Steam Goes Regional
Today then has seen the first step in a new beginning for Steam as the Store European Currency Beta has been launched. You can get the full details of this Beta here, but yours truly has done a little bit of digging around. Read on to find out what this beta actually means for you and I.
I clicked this link and found myself face to face with a Steam Store page with loads of £ signs everywhere, it was a frightful sight after many eons of the ever faithful $ being present. However I decided to press on in the knowledge that the changes would only be present for the duration of my browser session.
I decided to check out World of Goo which has just been made available in Europe. The price I saw was £16.99, now doing a quick bit of money changing I learned that this was a bit more that the £13.39 that it should be priced after converting from the US price of $20.

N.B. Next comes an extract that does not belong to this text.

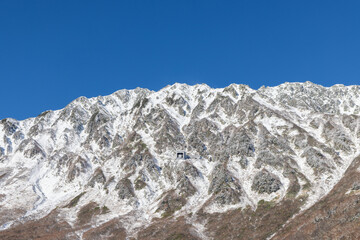 snow covered mountains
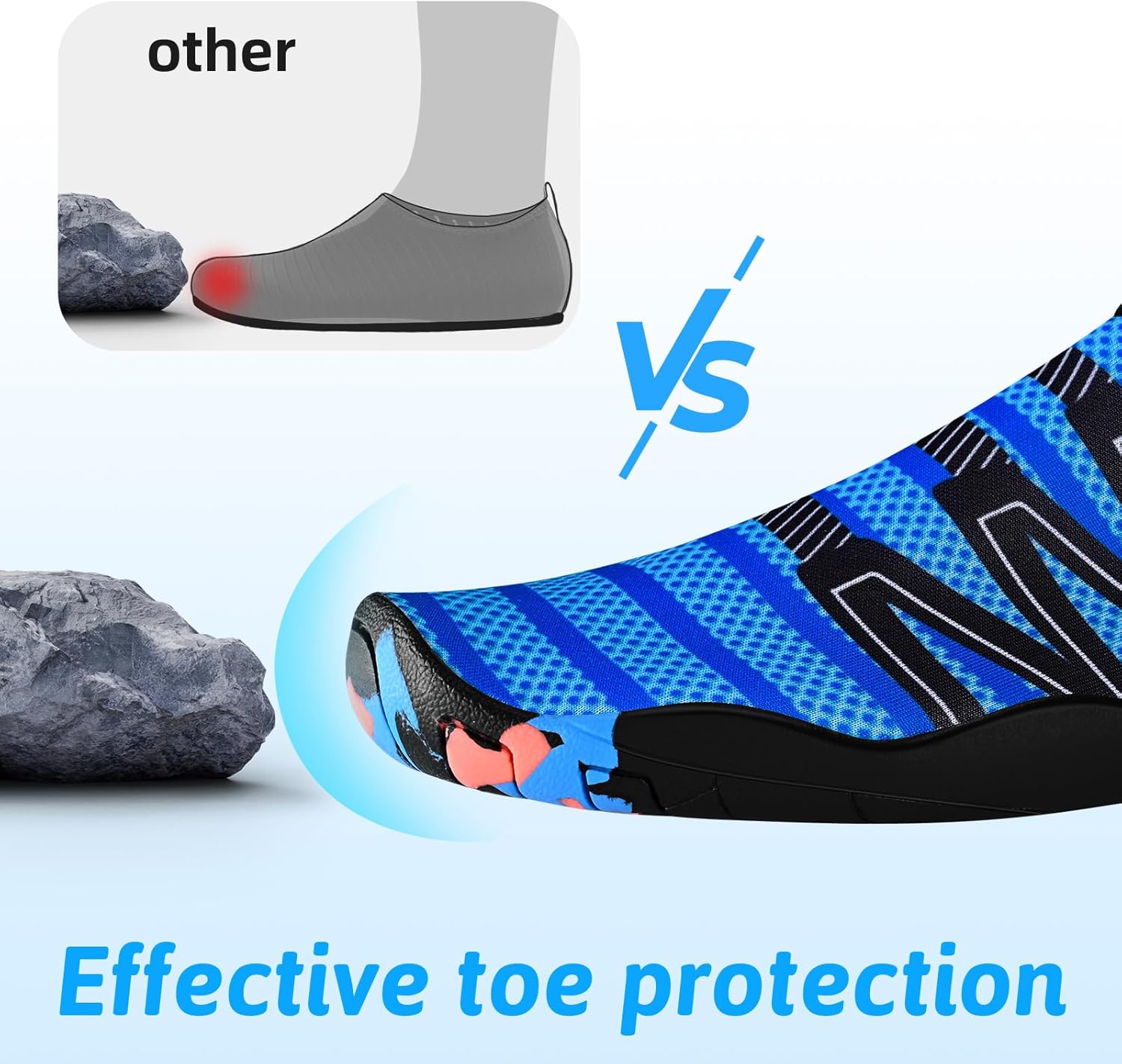 男女涉水鞋,游泳鞋沙滩泳池鞋防滑速干水袜,成人赤脚运动鞋,适合海滩冲浪散步水上瑜伽户外运动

However, some further searching on the Steam forums revealed that VAT is now being included in the prices for sterling. Lesson learnt with World of Goo, it is cheaper to buy directly and avoid VAT than it is to buy on Steam.
I decided that this was a limited example, so I compared the prices of the top four games in the Top Sellers category with the prices of those games on amazon.co.uk
I discovered something most pleasant, the new localised prices on Steam put the games at nearly the same price as what we see at retail here in the UK. Now considering the way that the pound is performing against the dollar, well soon enough buying games with sterling on Steam will be the cheapest way of getting your games.
All the details on the regional pricing beta can be found here and the early investigation shows that this is certainly a good move from Valve.